Terminé tirada en la cubierta del barco, intentando no vomitar más, luchando por ponerme en pie y recuperar, aunque fuera un poco de la dignidad perdida tras vomitar por decimosegunda vez.

Cuando ya mostraba claros signos de deshidratación, a mi “churri” se le ocurrió la brillante idea de quitarme la camisola de manga larga que llevaba para protegerme del sol. La mojó y me la puso en la cabeza. Así que ahí quedé, prácticamente en pelotas, con un bañador negro de una pieza cuyo único detalle era una placa de metal con las insignias “MK” en el pecho. Con las piernas extendidas sobre la escalinata que llevaba a la proa, de mi boca salían quejidos agonizantes, como los de una vaca deshidratada en mitad del desierto.

Mi mente divagaba entre la realidad y el delirio, hasta que me despertó la voz frustrada de mi esposo, diciéndole a su hijo: —¿Por qué no vomitas?

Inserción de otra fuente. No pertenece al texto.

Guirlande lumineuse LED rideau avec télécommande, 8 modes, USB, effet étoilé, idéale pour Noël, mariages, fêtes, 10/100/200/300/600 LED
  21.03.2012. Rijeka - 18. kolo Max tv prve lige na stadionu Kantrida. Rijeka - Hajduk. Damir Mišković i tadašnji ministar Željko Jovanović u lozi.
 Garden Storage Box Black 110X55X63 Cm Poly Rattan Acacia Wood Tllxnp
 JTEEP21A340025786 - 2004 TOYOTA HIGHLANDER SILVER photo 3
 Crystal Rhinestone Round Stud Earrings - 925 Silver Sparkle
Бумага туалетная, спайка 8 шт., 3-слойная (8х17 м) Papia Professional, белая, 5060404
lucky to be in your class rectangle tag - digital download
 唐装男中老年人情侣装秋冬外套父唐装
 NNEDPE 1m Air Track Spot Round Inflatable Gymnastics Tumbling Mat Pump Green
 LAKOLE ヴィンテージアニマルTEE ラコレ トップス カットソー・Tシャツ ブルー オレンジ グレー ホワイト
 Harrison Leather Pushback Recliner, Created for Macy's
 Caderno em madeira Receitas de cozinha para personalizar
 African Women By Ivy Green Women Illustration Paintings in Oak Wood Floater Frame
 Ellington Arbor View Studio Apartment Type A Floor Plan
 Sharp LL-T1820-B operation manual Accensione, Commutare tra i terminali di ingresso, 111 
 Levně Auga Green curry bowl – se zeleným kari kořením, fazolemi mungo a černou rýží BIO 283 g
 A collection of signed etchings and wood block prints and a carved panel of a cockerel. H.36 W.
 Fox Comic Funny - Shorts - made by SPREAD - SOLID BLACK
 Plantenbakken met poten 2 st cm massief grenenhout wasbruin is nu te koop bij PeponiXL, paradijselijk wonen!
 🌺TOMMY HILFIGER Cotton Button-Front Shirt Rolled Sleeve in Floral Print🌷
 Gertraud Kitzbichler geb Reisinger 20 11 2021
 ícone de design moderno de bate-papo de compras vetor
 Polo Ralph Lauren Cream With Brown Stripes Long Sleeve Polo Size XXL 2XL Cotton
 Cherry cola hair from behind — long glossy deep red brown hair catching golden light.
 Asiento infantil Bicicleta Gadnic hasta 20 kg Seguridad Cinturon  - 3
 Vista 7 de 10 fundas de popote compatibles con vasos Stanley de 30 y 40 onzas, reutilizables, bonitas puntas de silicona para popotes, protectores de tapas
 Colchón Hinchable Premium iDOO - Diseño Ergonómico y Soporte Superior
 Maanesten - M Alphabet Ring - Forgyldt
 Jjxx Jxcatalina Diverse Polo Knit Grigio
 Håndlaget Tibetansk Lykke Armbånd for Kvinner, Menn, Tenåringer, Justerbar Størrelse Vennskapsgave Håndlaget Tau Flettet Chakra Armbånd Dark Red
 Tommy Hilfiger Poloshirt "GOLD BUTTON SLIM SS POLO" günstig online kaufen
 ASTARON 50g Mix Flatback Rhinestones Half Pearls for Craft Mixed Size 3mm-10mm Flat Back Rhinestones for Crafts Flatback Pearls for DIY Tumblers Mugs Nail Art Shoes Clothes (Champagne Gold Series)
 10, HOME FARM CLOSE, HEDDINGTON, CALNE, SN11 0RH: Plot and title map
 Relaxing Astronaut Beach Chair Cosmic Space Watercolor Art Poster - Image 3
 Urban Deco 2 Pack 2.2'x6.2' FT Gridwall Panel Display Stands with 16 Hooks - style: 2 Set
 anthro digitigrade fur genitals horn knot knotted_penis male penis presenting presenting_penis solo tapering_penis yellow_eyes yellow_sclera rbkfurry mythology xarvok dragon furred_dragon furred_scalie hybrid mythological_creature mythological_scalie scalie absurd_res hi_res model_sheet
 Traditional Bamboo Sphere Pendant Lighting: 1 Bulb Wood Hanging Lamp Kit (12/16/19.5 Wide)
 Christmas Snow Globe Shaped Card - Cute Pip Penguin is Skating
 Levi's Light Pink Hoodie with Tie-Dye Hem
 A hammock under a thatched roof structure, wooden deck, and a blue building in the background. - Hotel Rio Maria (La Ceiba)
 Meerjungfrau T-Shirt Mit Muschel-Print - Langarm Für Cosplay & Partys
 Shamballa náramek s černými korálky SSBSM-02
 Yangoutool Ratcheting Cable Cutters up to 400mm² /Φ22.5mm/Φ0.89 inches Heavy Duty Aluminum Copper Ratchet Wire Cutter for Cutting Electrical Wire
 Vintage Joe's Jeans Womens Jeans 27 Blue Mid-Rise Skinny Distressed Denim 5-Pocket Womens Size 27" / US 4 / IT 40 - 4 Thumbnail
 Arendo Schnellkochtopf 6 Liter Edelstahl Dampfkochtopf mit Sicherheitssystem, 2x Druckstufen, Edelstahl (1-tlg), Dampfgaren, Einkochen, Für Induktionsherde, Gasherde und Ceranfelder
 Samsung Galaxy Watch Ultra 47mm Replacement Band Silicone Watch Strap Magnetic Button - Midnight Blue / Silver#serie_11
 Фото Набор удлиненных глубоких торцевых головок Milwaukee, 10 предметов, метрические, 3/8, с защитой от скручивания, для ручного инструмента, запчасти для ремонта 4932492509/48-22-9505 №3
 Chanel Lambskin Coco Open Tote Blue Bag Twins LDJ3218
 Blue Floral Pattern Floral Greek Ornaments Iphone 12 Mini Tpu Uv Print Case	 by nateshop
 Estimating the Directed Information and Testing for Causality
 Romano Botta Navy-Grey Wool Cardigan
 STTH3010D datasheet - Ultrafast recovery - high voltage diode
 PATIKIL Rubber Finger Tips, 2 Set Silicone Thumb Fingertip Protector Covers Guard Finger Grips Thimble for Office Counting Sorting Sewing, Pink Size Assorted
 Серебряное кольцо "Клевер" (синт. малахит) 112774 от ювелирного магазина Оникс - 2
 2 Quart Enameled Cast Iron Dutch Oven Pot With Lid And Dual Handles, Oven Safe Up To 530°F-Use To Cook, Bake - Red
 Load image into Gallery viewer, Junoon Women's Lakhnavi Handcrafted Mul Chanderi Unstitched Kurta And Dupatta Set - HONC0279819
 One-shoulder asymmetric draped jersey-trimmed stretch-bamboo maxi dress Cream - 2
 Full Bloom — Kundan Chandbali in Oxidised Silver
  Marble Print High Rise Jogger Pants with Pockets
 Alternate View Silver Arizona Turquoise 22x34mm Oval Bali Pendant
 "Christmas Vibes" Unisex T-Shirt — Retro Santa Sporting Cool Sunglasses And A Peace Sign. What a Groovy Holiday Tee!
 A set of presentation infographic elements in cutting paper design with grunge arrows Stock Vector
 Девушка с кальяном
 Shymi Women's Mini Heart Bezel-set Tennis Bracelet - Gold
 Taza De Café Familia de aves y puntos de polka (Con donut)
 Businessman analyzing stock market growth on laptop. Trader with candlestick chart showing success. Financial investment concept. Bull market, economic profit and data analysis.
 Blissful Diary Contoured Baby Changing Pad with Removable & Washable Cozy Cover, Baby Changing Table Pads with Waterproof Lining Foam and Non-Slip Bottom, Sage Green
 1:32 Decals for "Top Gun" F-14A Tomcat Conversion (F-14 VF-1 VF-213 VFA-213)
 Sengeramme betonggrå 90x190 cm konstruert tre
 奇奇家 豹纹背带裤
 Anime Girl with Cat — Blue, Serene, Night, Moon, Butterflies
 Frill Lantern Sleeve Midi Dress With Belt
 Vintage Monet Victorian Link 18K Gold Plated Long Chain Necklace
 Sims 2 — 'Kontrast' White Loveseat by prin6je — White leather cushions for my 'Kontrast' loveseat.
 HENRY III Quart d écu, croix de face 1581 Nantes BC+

Entreabrí los ojos y vi al niño, sentado en la proa, unos escalones arriba de donde yo tenía descansando las piernas. Tenía las manos alrededor del abdomen y una expresión nauseabunda que era un poema.

—Si vomitas, te vas a sentir mejor —insistía mi esposo.

—¡Vomita y ya! —dijo esta vez, en tono de orden.

Mi hijastro, siempre obediente, suspiró resignado y dijo: —¡Ok, papá!

Y entonces, mi peor pesadilla se hizo realidad, vi cómo su boca se abría lentamente y de ella salía el desayuno que yo misma le había comprado esa mañana, Nesquik de fresa y bollitos de canela, no precisamente en ese orden, sino más bien de forma simultánea, estilo niña del exorcista, pero en cámara lenta… en cámara muy, muy lenta.

Cerré los ojos, intentando reunir todas mis fuerzas para alejar las piernas del niño, pero fue inútil. Entonces respiré hondo, muy hondo, y pensé: “Me cago en la marea alta, en el conejito Nesquik, en la mar salada y en la madre que los parió a todos”.

He pensado seriamente en enviarle una carta a la Real Academia Española para sugerir que modifiquen la definición de cinetosis, que debería ser algo así:

Cinetosis: Mareo “joputa”, generalmente acompañado de vómitos, provocado por movimiento, que puede causar deshidratación, dejando a la víctima inconsciente, con las piernas vomitadas, chamuscada por el sol y con el logo hortera de Michael Kors “tatuado” entre las tetas.